In 2016, Iowa actually acted on an issue concerning criminal justice reform and made a positive change. But in order for Iowa to be a leader when it comes to our criminal justice system, we must do more than dip our toes in the water. We should be continually working on progressive, forward-thinking policies that are just to all Iowans. Any criminal justice policy proposal should reduce recidivism and address Iowa's serious racial inequality problem.
The number one way to reduce recidivism is to focus on making our corrective facilities actually corrective. We should be rehabilitating offenders and implementing reforms that allow individuals to reenter society and contribute meaningfully.

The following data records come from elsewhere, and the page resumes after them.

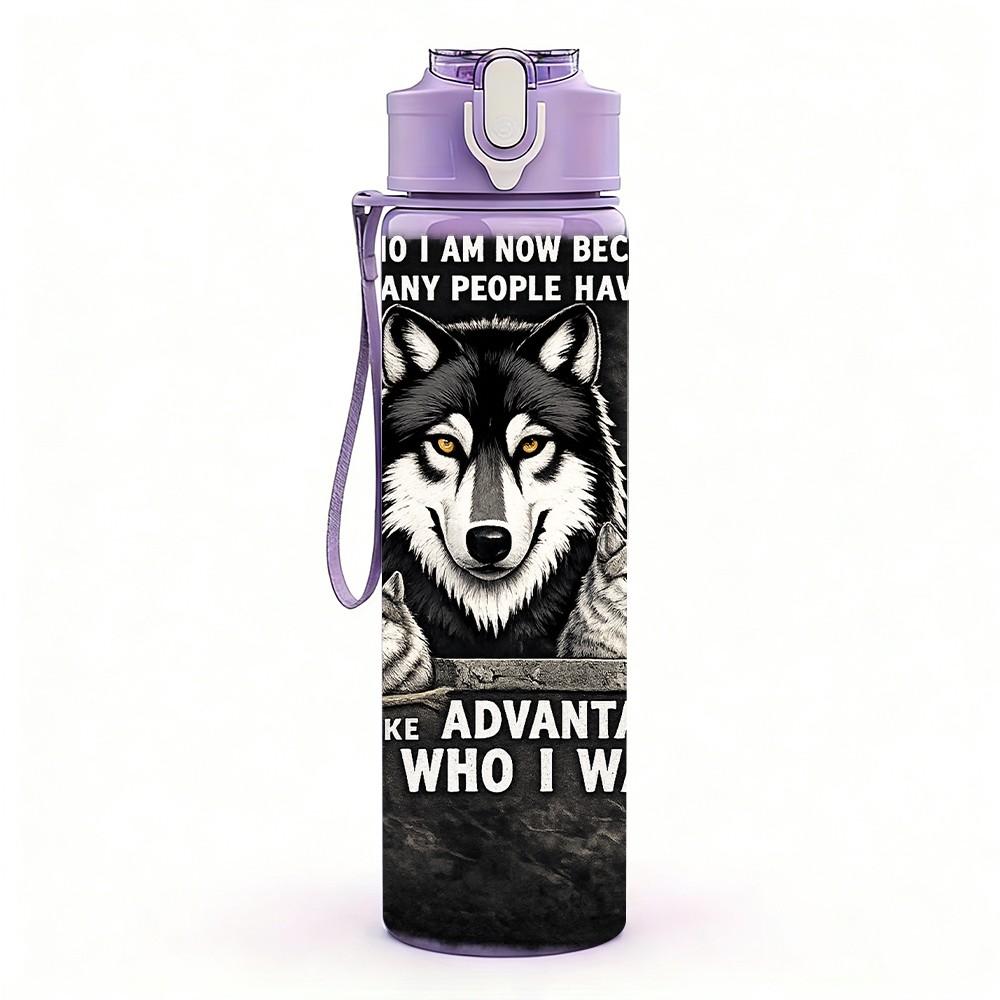 1PC Wolf Dark Mask Text Quote Print 750ml Color Plastic Sports Water Bottle Leakproof Flip Straw Lid Suitable for Sports Office Home Use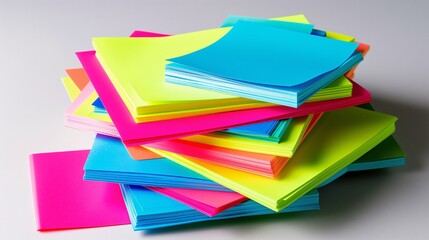 a stack of sticky notes, isolate on white background.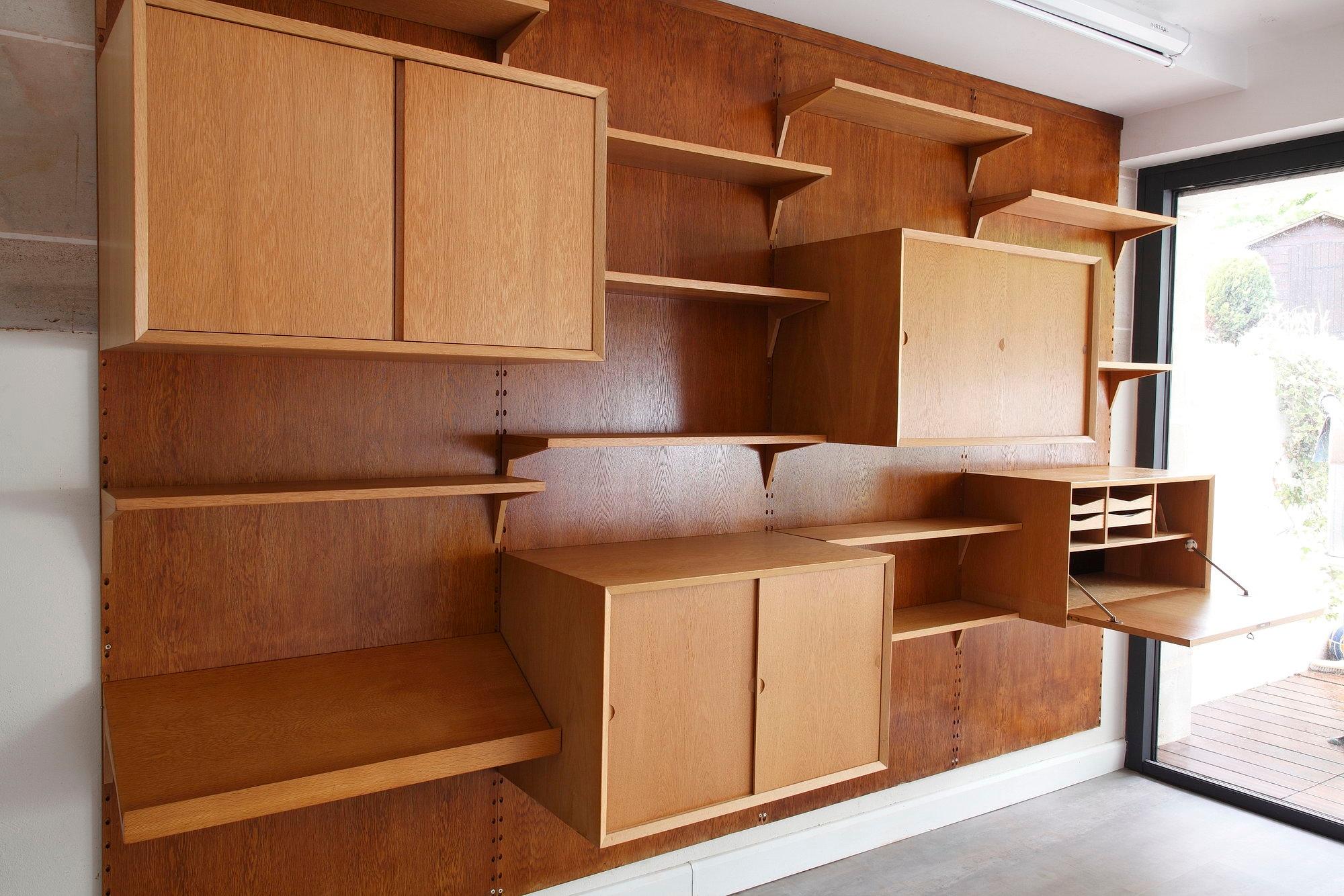 20th Century Oak Cado Wall System by Poul Cadovius In Good Condition In Paris, FR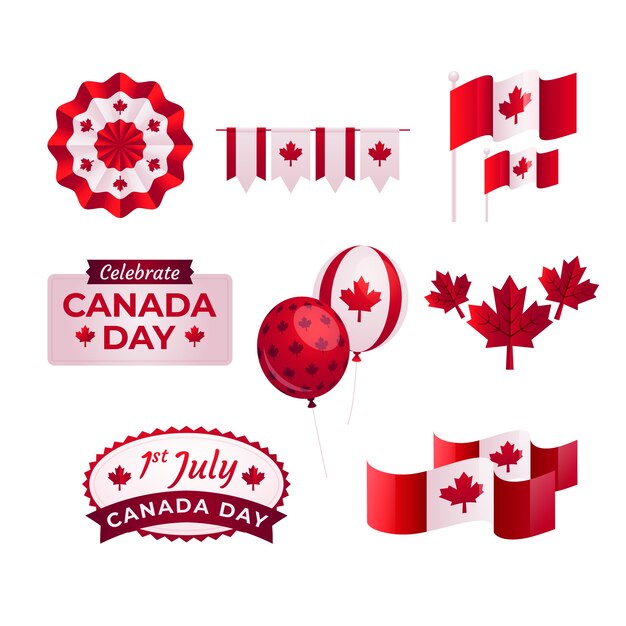 Colección de elementos degradados para la celebración del día de canadá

All Iowans win when we reduce recidivism because we avoid the wasteful spending of taxpayer dollars on prolonged and often counterproductive incarceration. A revolving door in and out of prison benefits no one.
We can reduce recidivism by increasing access to rehabilitative services and improving reentry programs. We also need to continue making progress toward returning discretion to judges instead of continuing to enforce outdated and destructive mandatory minimum sentencing requirements. Iowa's past efforts in expanding reentry services have demonstrated that, with adequate aid, recidivism rates decline and all Iowans benefit.
We also must continue to innovate in the area of juvenile justice to ensure a juvenile's arrest does not create a pipeline to prison. Our responses should be tailored to the unique circumstances of each child to ensure the best possible outcome for that child's future. Accordingly, we can start by eliminating mandates that preclude judges from assessing a child's unique circumstances, such as mandatory prosecution of certain offenses in adult court, and the "once an adult, always an adult" rule. Further, we can continue to expand specialty courts and services tailored to addressing juveniles' needs.
Addressing Iowa's Racial Inequality
Iowa ranks third among all states in incarcerating disproportionate numbers of African Americans. Iowa’s African Americans comprise 3% of the state population yet make up 26% of Iowa’s prison population. This is unacceptable and perpetuates discriminatory and downright racist practices. As a first step towards eliminating this appalling disparity, we must make implicit bias training for all those involved in the criminal justice system the highest priority. Further, we must increase our discourse with local police forces across the state to ensure the dialogue on eliminating race-based practices is ongoing.
Supporting Iowa's JudiciaL Branch
Having worked in Iowa’s district and appellate courts, I know firsthand the work our judiciary is doing for all Iowans. Chief Justice Cady’s continued warnings of insufficient resources highlights the threat of the next crisis in our state. The continued failure to fund the judiciary erodes the ability of the Judicial Branch to perform its essential duties for all the citizens of Iowa. Fair, speedy, and inexpensive dispute resolution in matters civil and criminal, familial or commercial, is essential to a peaceful and civilized society. When people lose faith in their judiciary's ability to prove timely and fair resolution of disputes, they turn to other methods of dispute resolution inconsistent with Iowan values, or the disputes linger unresolved. The lack of judicial funding is accompanied by real societal consequences, economic and human, immediate and continuing. For the welfare of Iowans, including the most vulnerable who depend on our courts, I will redouble efforts to stop the continuing erosion of judicial funding.